(Excerpts from a dataset)
== Segment start ==

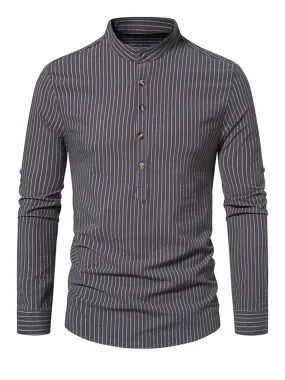 Men's Cotton Vertical Striped Henley Collar Long Sleeve Shirt
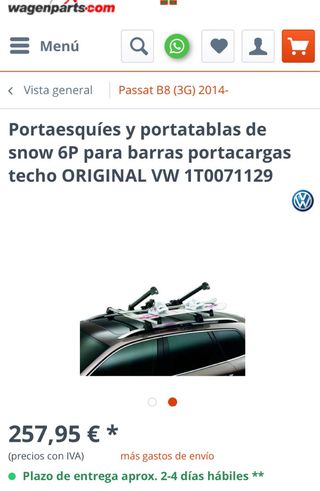 Portaesquis/snowboard Volkswagen 1T0071129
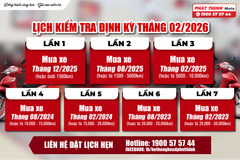 🔔 LỊCH KIỂM TRA XE ĐỊNH KỲ – THÁNG 02/2026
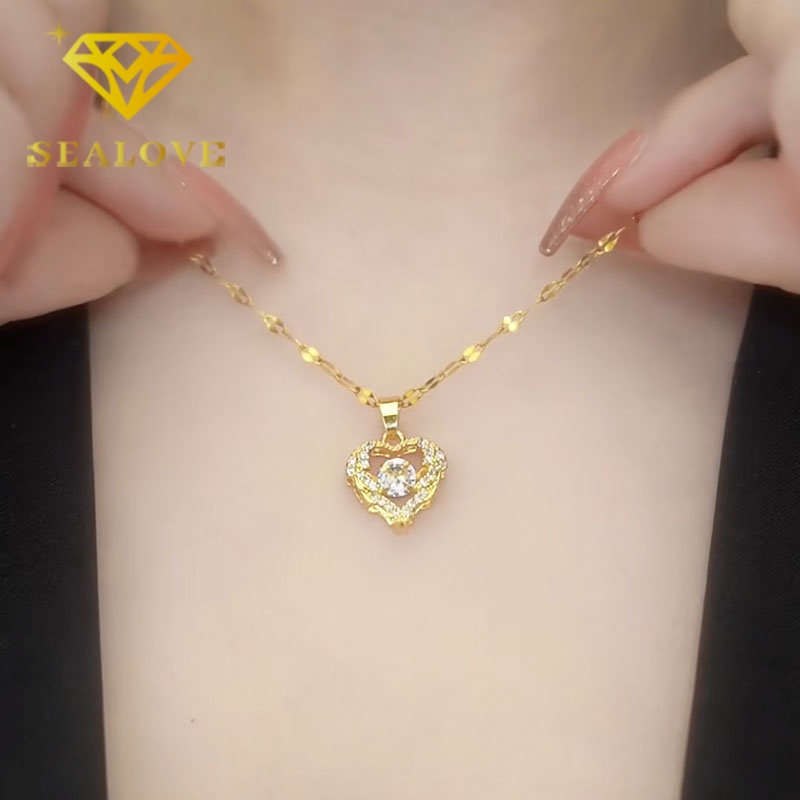 Kalung Titanium Wanita Hati Berlian Emas 18K Anti Karat Aesthetic Mewah Korea Fashion Aksesoris Perhiasan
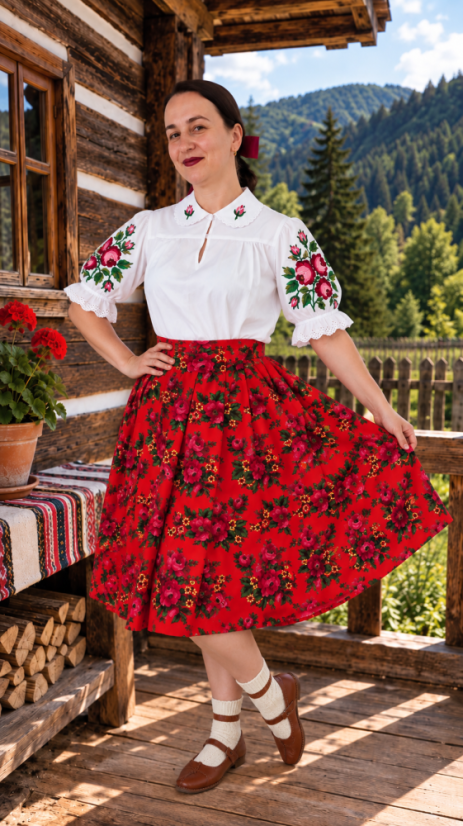 Vyšívaná košeľa - Ruženka - Veľkosť: XXXL, Farba: Červená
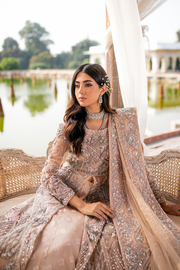 Peach Net Pakistani Bridal Dress with Embellished Lehnga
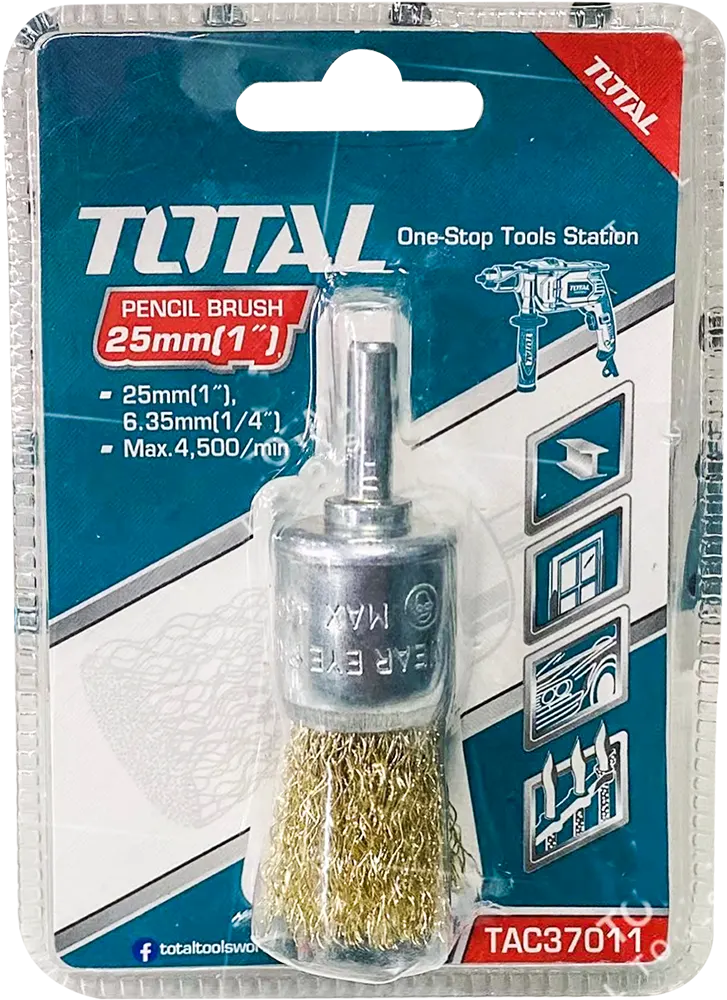 Total Tools Wire Brush for the Drill, 25 mm, TAC37011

== Segment end ==

EXERCISE PROMPT: The output has to match the data above line for line, except that pictures are dropped.

OUTPUT BELOW:
 Men's Cotton Vertical Striped Henley Collar Long Sleeve Shirt
 Portaesquis/snowboard Volkswagen 1T0071129
 🔔 LỊCH KIỂM TRA XE ĐỊNH KỲ – THÁNG 02/2026
 Kalung Titanium Wanita Hati Berlian Emas 18K Anti Karat Aesthetic Mewah Korea Fashion Aksesoris Perhiasan
 Vyšívaná košeľa - Ruženka - Veľkosť: XXXL, Farba: Červená
 Peach Net Pakistani Bridal Dress with Embellished Lehnga
 Total Tools Wire Brush for the Drill, 25 mm, TAC37011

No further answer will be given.